# Problem details
With the pictures removed, set down all of the entries below exactly.

# Input data
┄┄┄┄┄┄┄┄┄┄┄┄┄┄┄┄┄┄┄┄
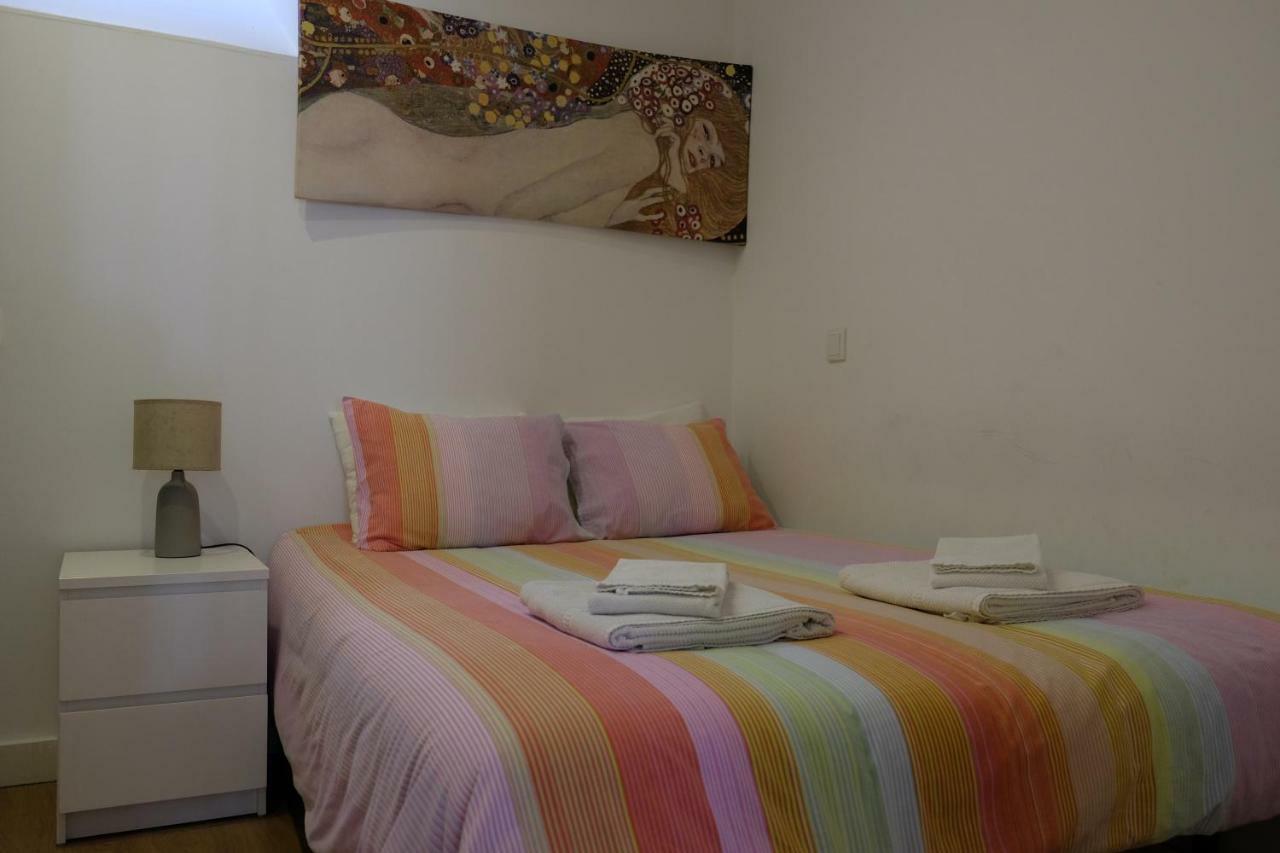 Nice Apartment Bairro Alto Lisboa Eksteriør bilde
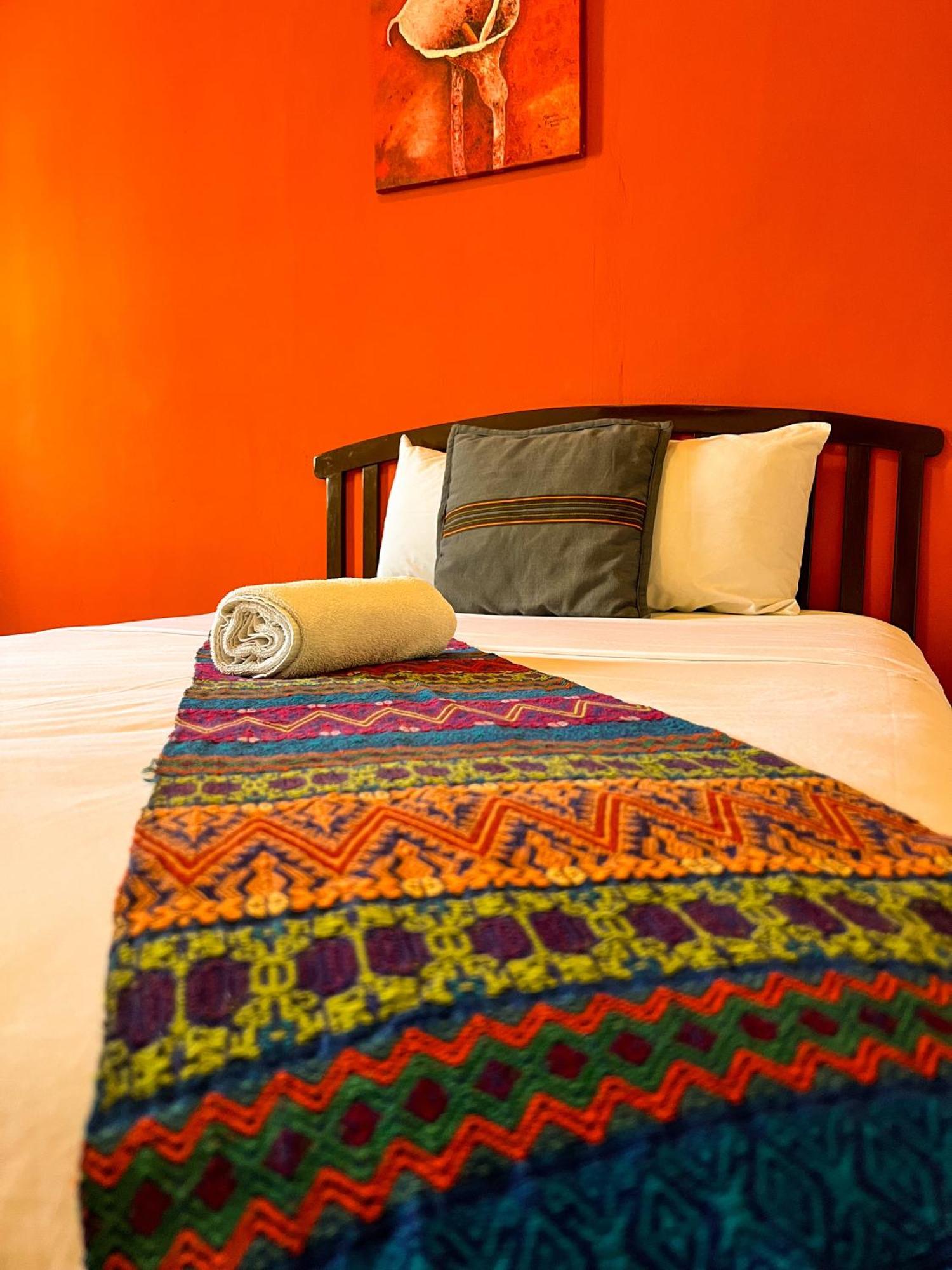 Balamku Hotel Petit Καμπέτσε Εξωτερικό φωτογραφία
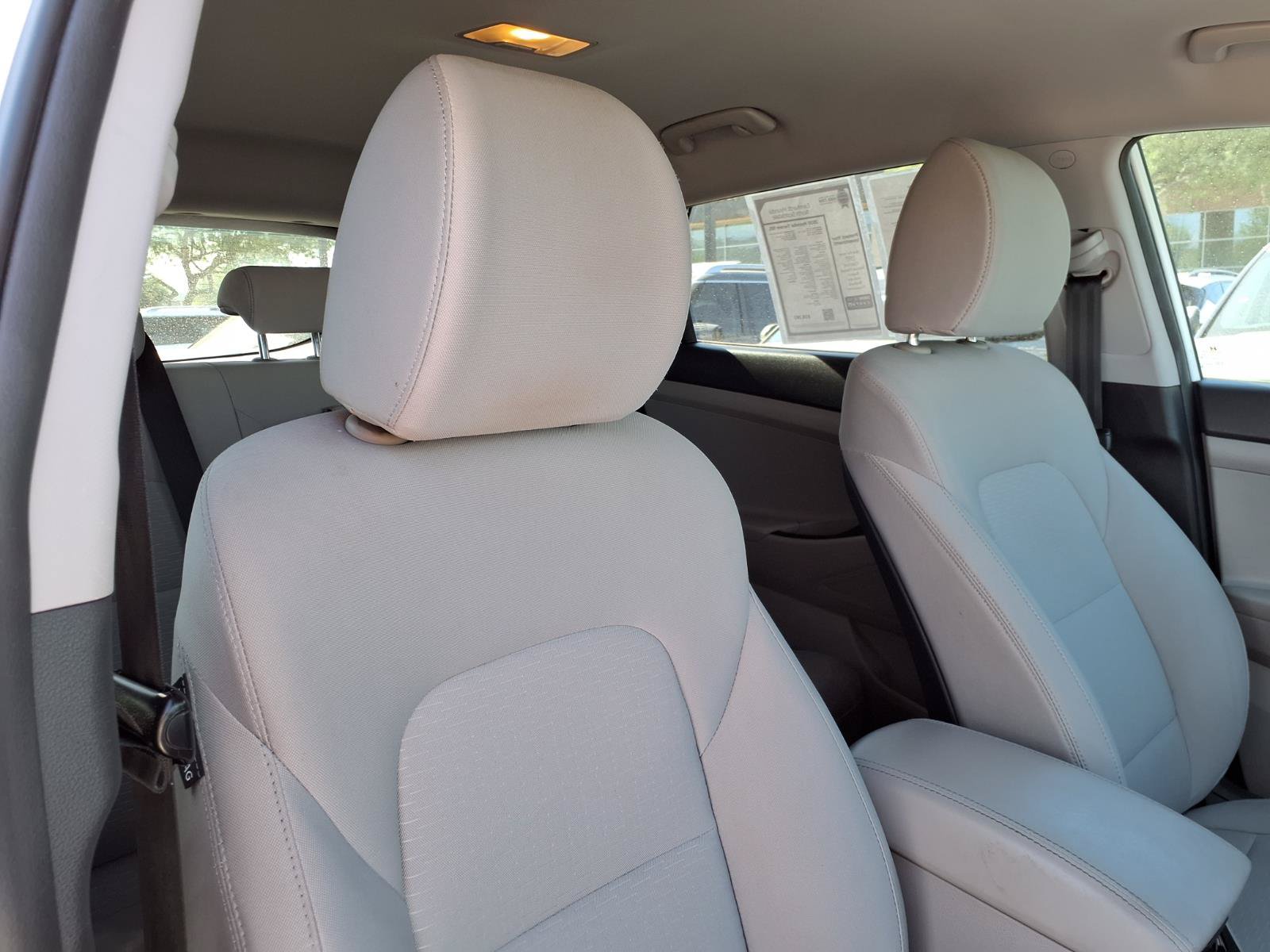 Used 2020 Hyundai Tucson SEL FWD image 12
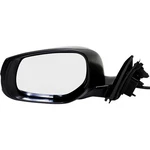 Power Mirror For 2014-2018 Infiniti Q50 Left Side Manual Fold Paintable. Fixed Price $128.88.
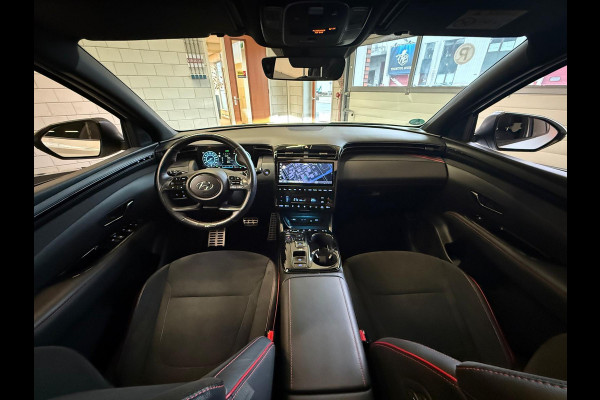 Hyundai Tucson 1.6 T-GDI PHEV N Line Sky 4WD 1 Jaar Bovag Garantie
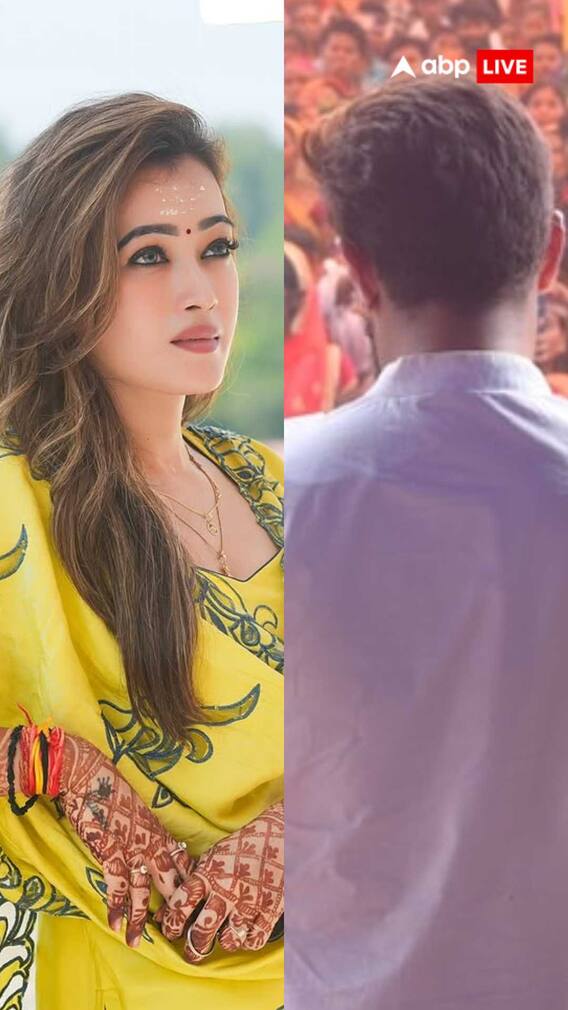 बिहार के इस सांसद को इंस्टाग्राम पर फॉलो करती हैं हर्षा रिछारिया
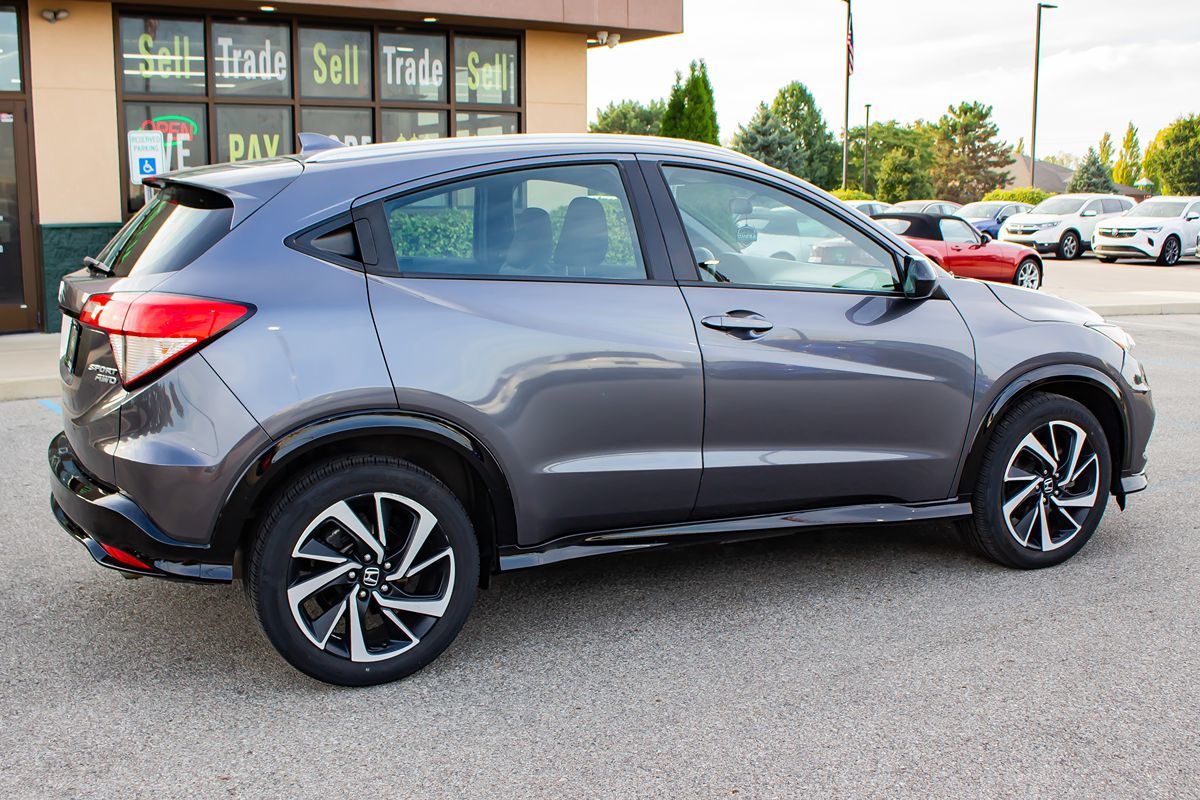 2019 Honda HR-V Sport photo 10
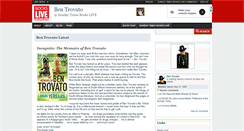 Desktop Screenshot of bentrovato.bookslive.co.za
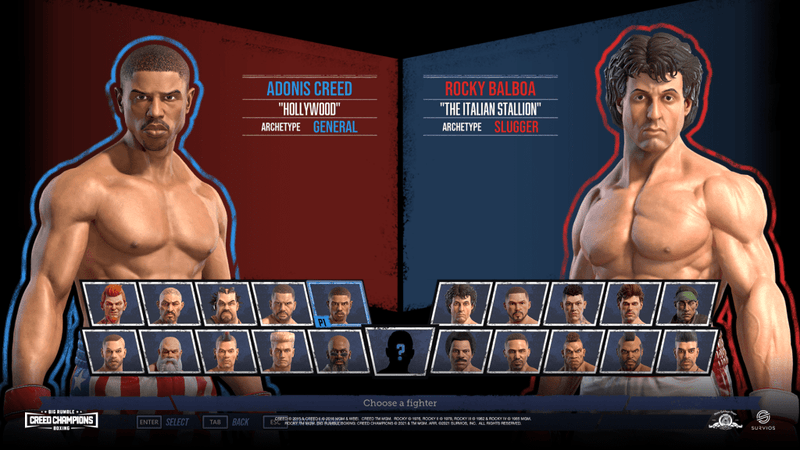 Big Rumble Boxing: Creed Champions - Day One Edition (Nintendo Switch) 4020628694784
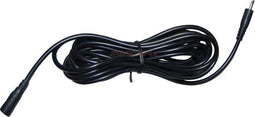 Foscam Voeding Verlengkabel 3 meter zwart (stekker 3.5 x 1.35mm)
┄┄┄┄┄┄┄┄┄┄┄┄┄┄┄┄┄┄┄┄
# Written solution
 Nice Apartment Bairro Alto Lisboa Eksteriør bilde
 Balamku Hotel Petit Καμπέτσε Εξωτερικό φωτογραφία
 Used 2020 Hyundai Tucson SEL FWD image 12
 Power Mirror For 2014-2018 Infiniti Q50 Left Side Manual Fold Paintable. Fixed Price $128.88.
 Hyundai Tucson 1.6 T-GDI PHEV N Line Sky 4WD 1 Jaar Bovag Garantie
 बिहार के इस सांसद को इंस्टाग्राम पर फॉलो करती हैं हर्षा रिछारिया
 2019 Honda HR-V Sport photo 10
 Desktop Screenshot of bentrovato.bookslive.co.za
 Big Rumble Boxing: Creed Champions - Day One Edition (Nintendo Switch) 4020628694784
 Foscam Voeding Verlengkabel 3 meter zwart (stekker 3.5 x 1.35mm)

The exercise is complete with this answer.